Equal treatment & democratic rights — Helps

minor · moderate confidence

This policy removes tools that allowed landlords to evict tenants without cause and to discriminate against renters with children or those on benefits, strengthening equal treatment and due process for renters and leaseholders. The gains are real but modest on O9 specifically, as the policy's main thrust is housing economics rather than anti-discrimination law.

The evidence

Biggest unknown: Whether enforcement capacity in local authorities and courts is adequate to make the anti-discrimination and due-process protections meaningful in practice.

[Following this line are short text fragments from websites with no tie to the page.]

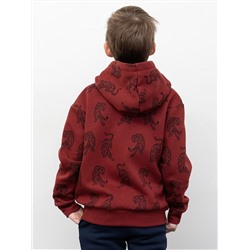 227767 MARK FORMELLE Анорак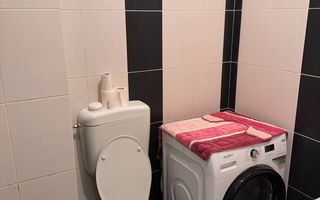 Garsoniera de inchiriat | Militari Residence | loc de parcare | - Poză 7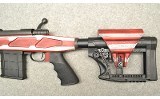 Howa ~ 1500 ~ 6.5 Creedmor - Image 9 of 11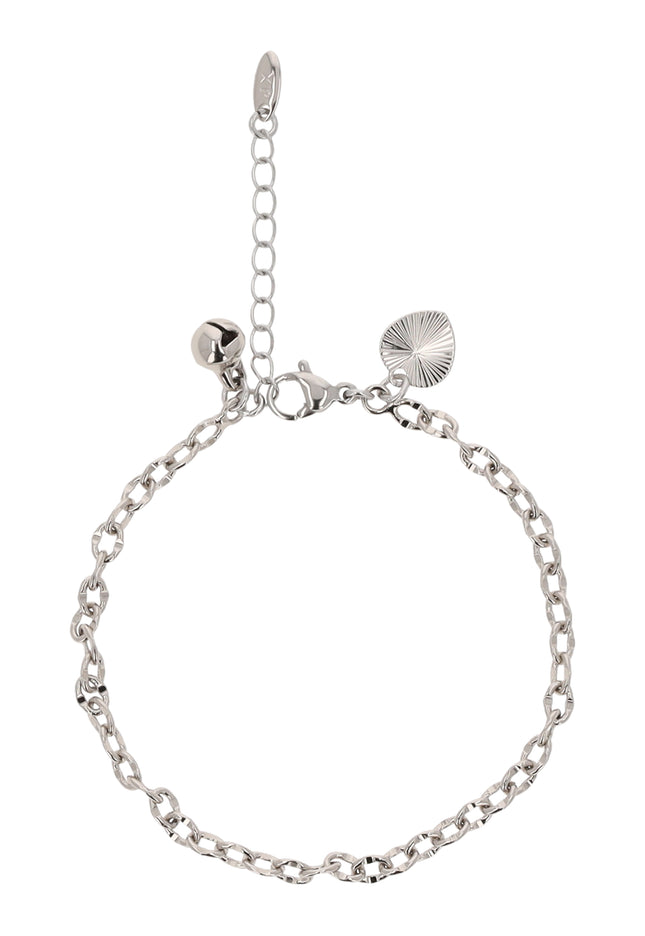 faina Damen Armband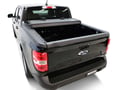 Picture of Westin Hard Tri-Fold Tonneau Cover - 6' 6" Bed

Our reading: O9 is the equal-treatment and due-process outcome. This policy has two genuinely relevant mechanisms. First, abolishing Section 21 removes a tool that, in practice, suppressed tenants' ability to assert their rights without fear of reprisal — a form of structural unequal treatment where the legal remedy available to landlords chilled tenants' access to remedies they were formally entitled to. Research confirms tenants were reluctant to challenge poor conditions or rent increases because of S21 exposure. The explicit commitment to prevent discrimination against renters (including, per Shelter's evidence, those with children or on benefits) is a direct anti-discrimination measure. Second, abolishing forfeiture removes a due-process deficiency — the disproportionate loss of a home and equity over small debts — improving the rule-of-law position of leaseholders. These are real, not merely aspirational: the Renters' Rights Act came into force in May 2026, so the S21 abolition is a delivered mechanism, not a soft verb. Against these gains, there is a credible O9-adjacent risk: if landlords respond by screening out benefit recipients or families more systematically at the vetting stage, some of the discrimination gains could be partially offset. This is a projected effect, not a confirmed one. Enforcement capacity is a genuine constraint on how far the anti-discrimination and Awaab's Law protections translate to real-world equal treatment. Overall, the policy makes a moderate set of delivered improvements to equal treatment and due process for renters, and a more modest contribution for leaseholders. The magnitude is minor on O9 because the policy's primary mechanism is economic security (O1/O2) rather than formal discrimination law, and the anti-discrimination provisions depend heavily on enforcement infrastructure that is under strain.